Cassa depositi e prestiti

Cassa depositi e prestiti

Dove prende il denaro? da te!

Anche se formalmente ci sono delle differenze, la Cdp è, di fatto, una banca: da un lato, raccoglie il risparmio degli investitori, dall’altro lo investe per trarne un guadagno. Partiamo dalla raccolta. La fonte principale con cui la Cdp si finanzia sono i buoni e i libretti che sottoscrivi agli sportelli di Poste italiane - a fine 2018 hanno raggiunto i 258 miliardi di euro, è come se ogni italiano ne avesse per più di 4.000 euro. Questi 258 miliardi rappresentano il 70% dei 370 miliardi di risorse raccolte dalla capogruppo Cdp Spa. Altri 20 miliardi sono stati raccolti con i bond; l’emissione di questi giorni è, quindi, un tentativo di diversificare un po’ la raccolta, ma non sarà certo il miliardo e mezzo proveniente da questa nuova obbligazione a rimettere in discussione il predominio assoluto di buoni e libretti postali.
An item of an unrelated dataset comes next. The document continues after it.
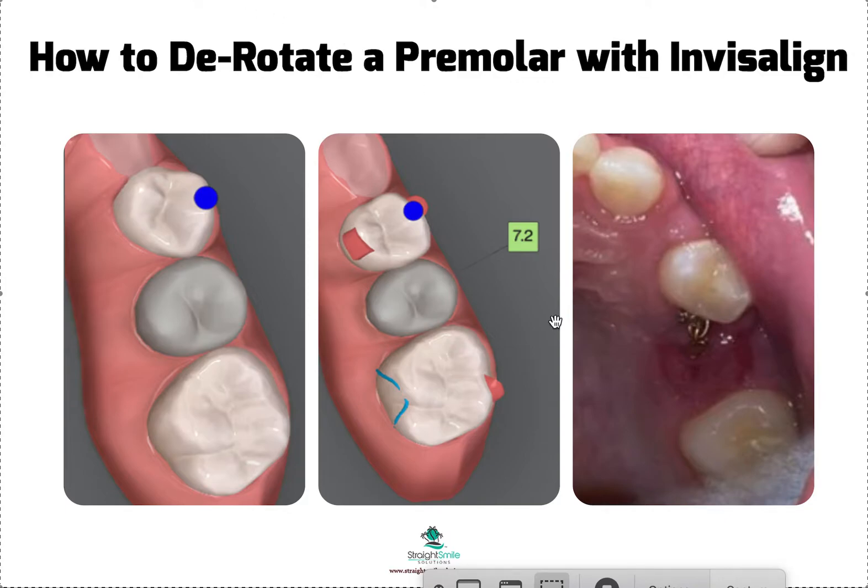If you have a tooth that is rotated — maybe 40 degrees or so — it's pretty decently rotated, like this tooth right here. You're definitely going to have a hard time de-rotating this with just a buccal attachment; it may not even be possible. Usually when you submit these with Invisalign they're just going to leave it rotated. I get really surprised at how many general dentists say it's not possible to de-rotate that tooth — of course it is, you just have to tell them how you want to do it.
Poste italiane agisce come collocatore di buoni e libretti, ma l’emittente di entrambi i prodotti è la Cdp. Quando sottoscrivi un buono o un libretto, quindi, è alla Cdp che stai affidando il tuo denaro, e non alle Poste.

Opere pubbliche, certo…

Che ne fa la Cdp di questi 370 miliardi? In parte continua a fare quello per cui era nata più di un secolo e mezzo fa: finanziare la pubblica amministrazione e la realizzazione di opere pubbliche. Vanno in questa direzione quasi 90 miliardi di prestiti, a cui si aggiungono circa 156 miliardi depositati obbligatoriamente su un conto corrente aperto presso la Tesoreria dello Stato. Insomma, per una parte consistente l’attività della Cdp consiste nel prendere i tuoi soldi e girarli allo Stato. Ma dal 2003, cioè da quando la Cdp è diventata una società per azioni, a questa attività se ne è aggiunta un’altra che sta prendendo sempre più piede: quella di investire in quote azionarie delle più grandi società italiane.
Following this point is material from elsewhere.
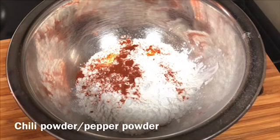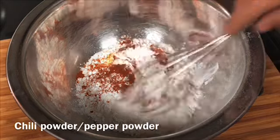It's ready to cook for 20 minutes. To mix it.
…ma sempre più fondo sovrano

Lo schema delle partecipazioni di Cdp è diventato, col passare degli anni, una complicata ragnatela che coinvolge decine di società, il cui peso sui conti di Cdp è sempre più rilevante: a fine 2018 il valore delle partecipazioni ha raggiunto quota 33 miliardi. Già la sola partecipazione in Eni, per un quarto del capitale della società, vale 13,4 miliardi. Ci sono poi il 35% di Poste italiane, il 9,9% di Telecom Italia, il 12,5% di Saipem, oltre al 59% di Cdp Reti che, a sua volta, ha circa un terzo di Terna e Snam e un quarto di Italgas. Secondo le nostre stime, solo il valore di questi sette big pesa per oltre 23 miliardi, poco meno del patrimonio proprio di Cdp (24 miliardi). E non è solo una questione di valore dell’investimento, ma anche di “peso strategico” nelle decisioni delle società, come dimostra per esempio la doppia presenza di Cdp nel settore telecomunicazioni. Oltre a Telecom Italia, tra le partecipazioni di Cdp c’è anche il 50% del concorrente Open Fiber. Questo permette a Cdp di giocare un ruolo di primo piano nelle trattative su una possibile fusione delle reti di questi due operatori.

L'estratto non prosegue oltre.